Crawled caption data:
>>
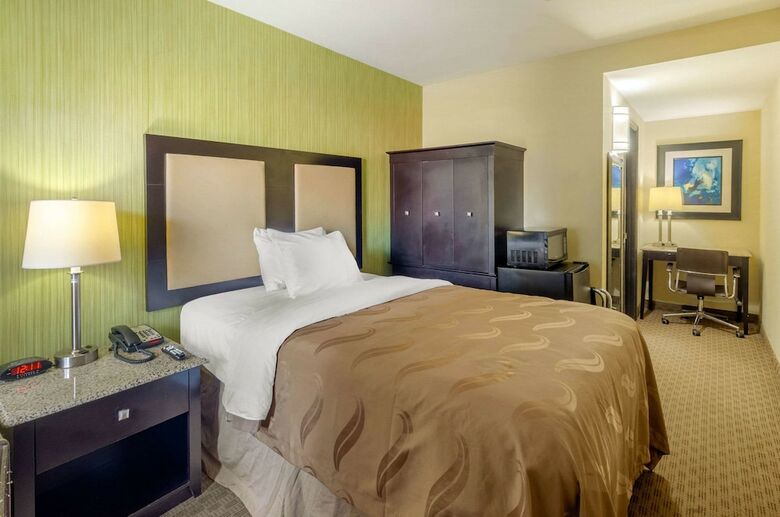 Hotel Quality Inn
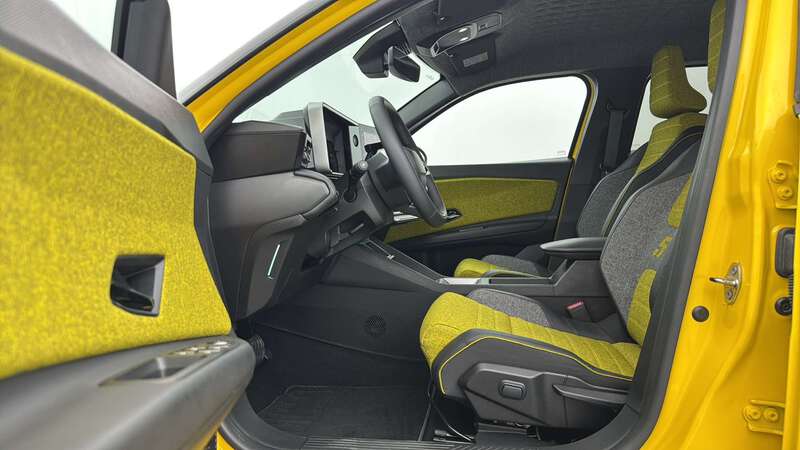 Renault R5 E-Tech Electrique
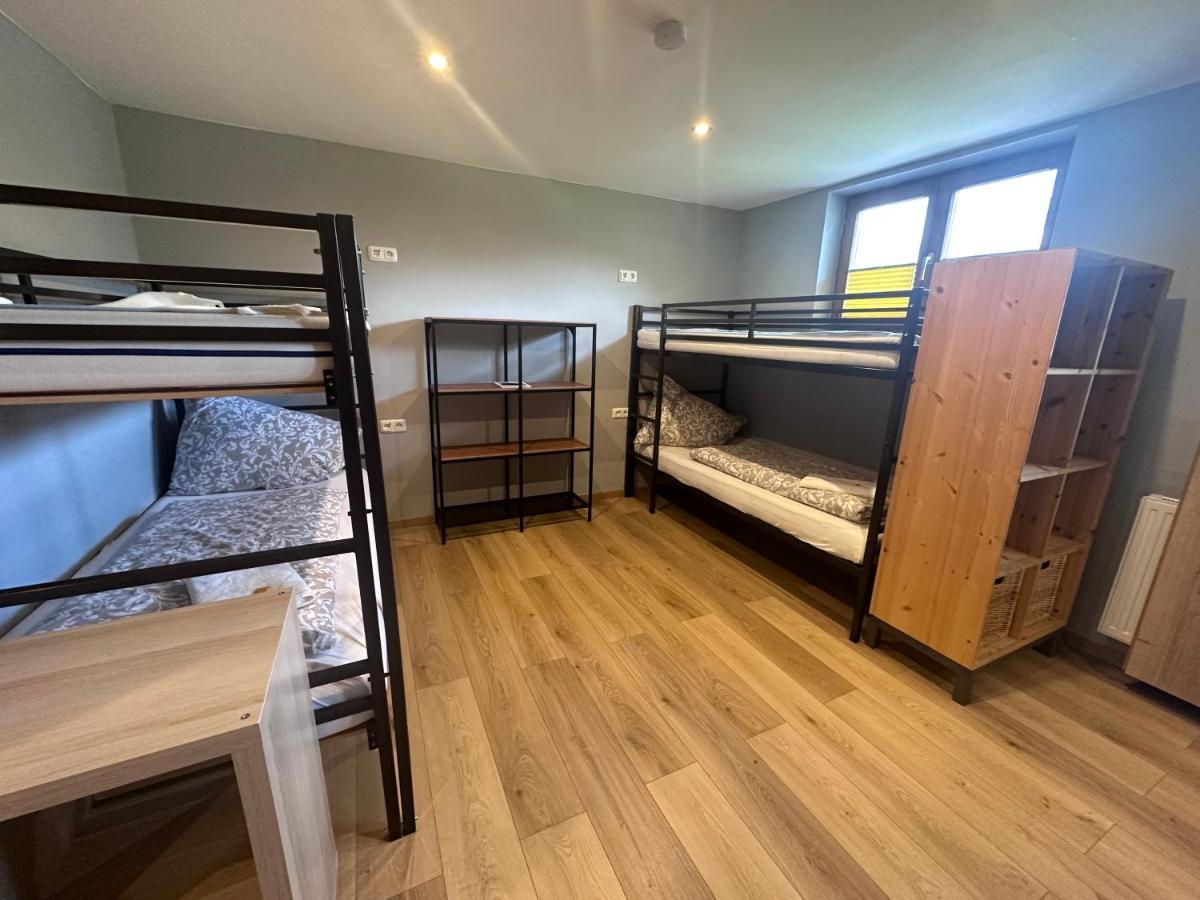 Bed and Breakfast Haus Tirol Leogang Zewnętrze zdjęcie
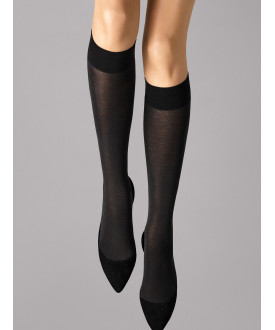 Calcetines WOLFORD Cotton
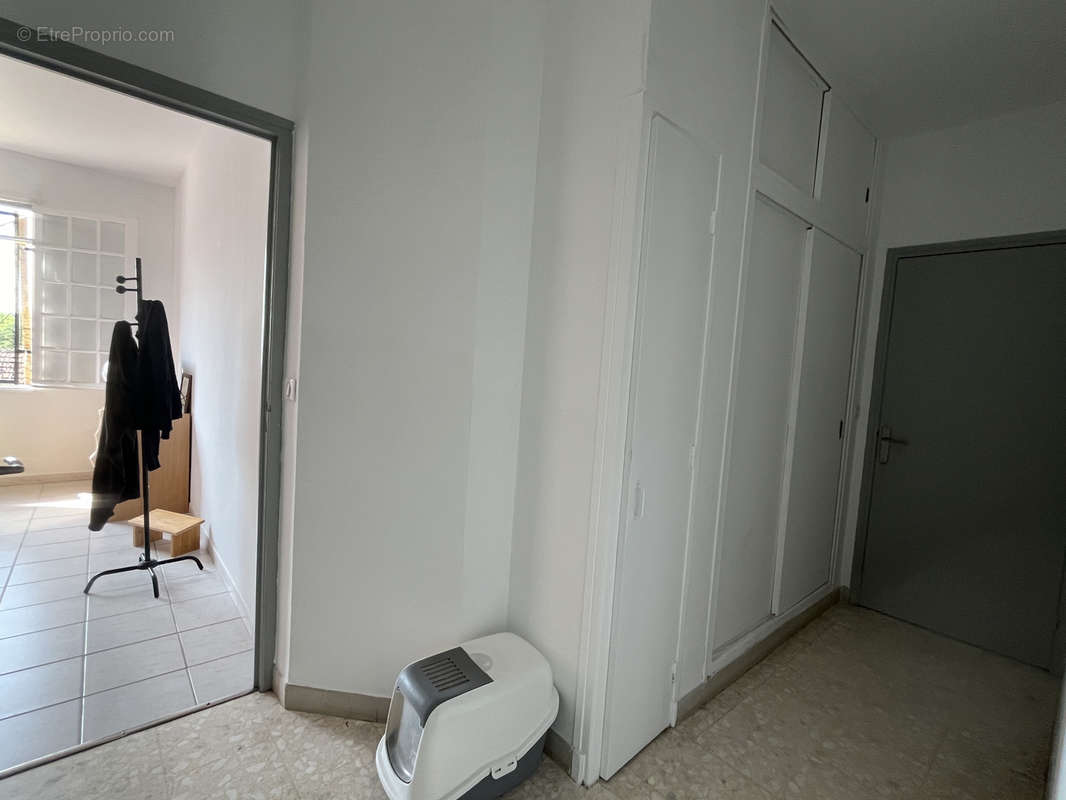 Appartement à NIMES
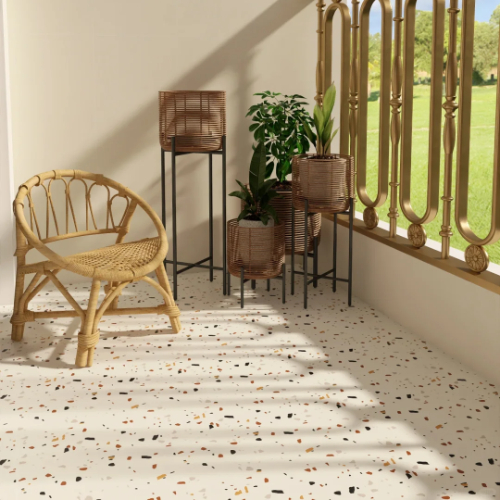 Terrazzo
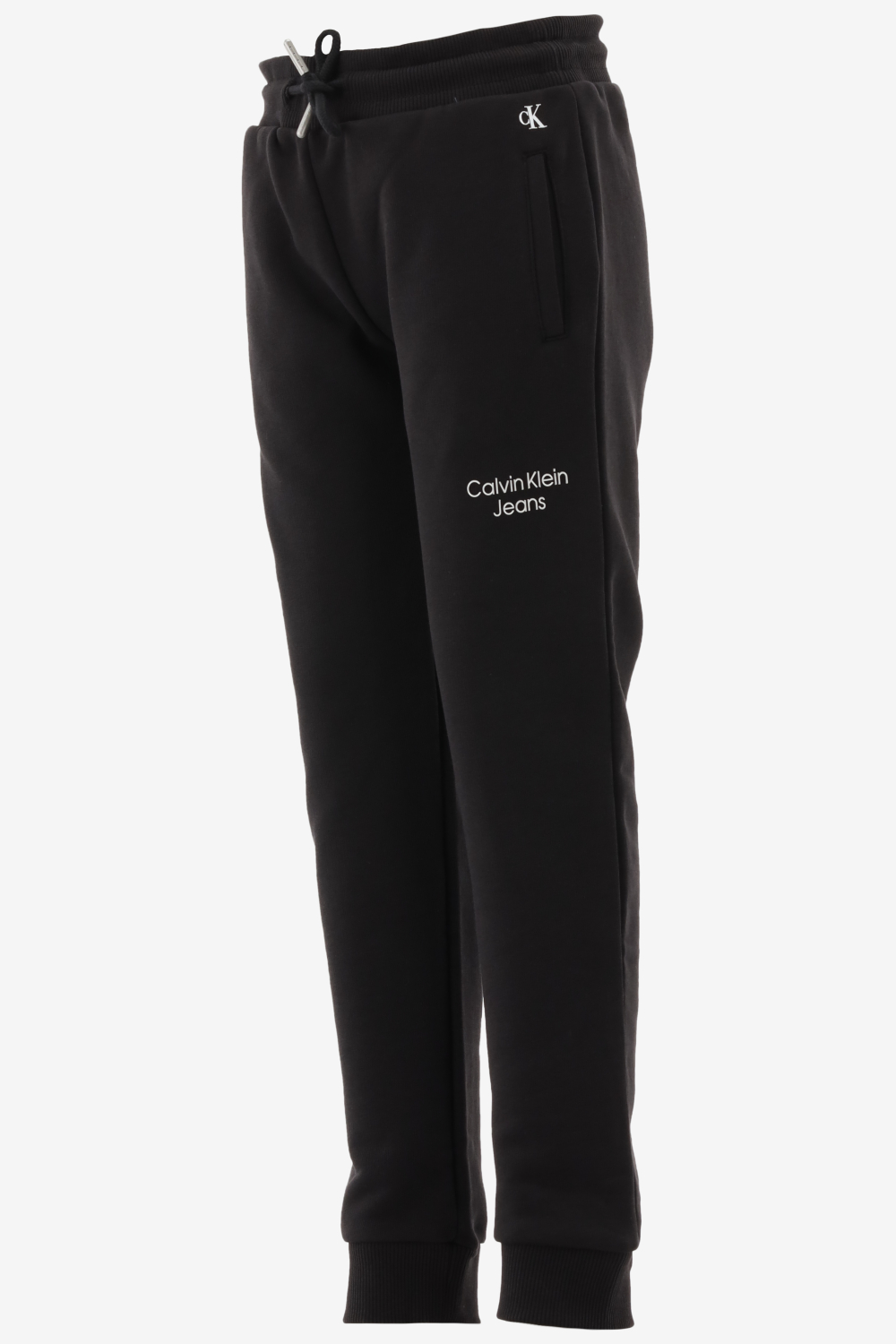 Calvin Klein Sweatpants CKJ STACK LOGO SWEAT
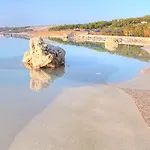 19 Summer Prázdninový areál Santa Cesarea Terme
<<
(Task statement) With all pictures omitted, return exactly the lines from the one containing "Bed and Breakfast" through the end of the entries above.

(Written answer)
 Bed and Breakfast Haus Tirol Leogang Zewnętrze zdjęcie
 Calcetines WOLFORD Cotton
 Appartement à NIMES
 Terrazzo
 Calvin Klein Sweatpants CKJ STACK LOGO SWEAT
 19 Summer Prázdninový areál Santa Cesarea Terme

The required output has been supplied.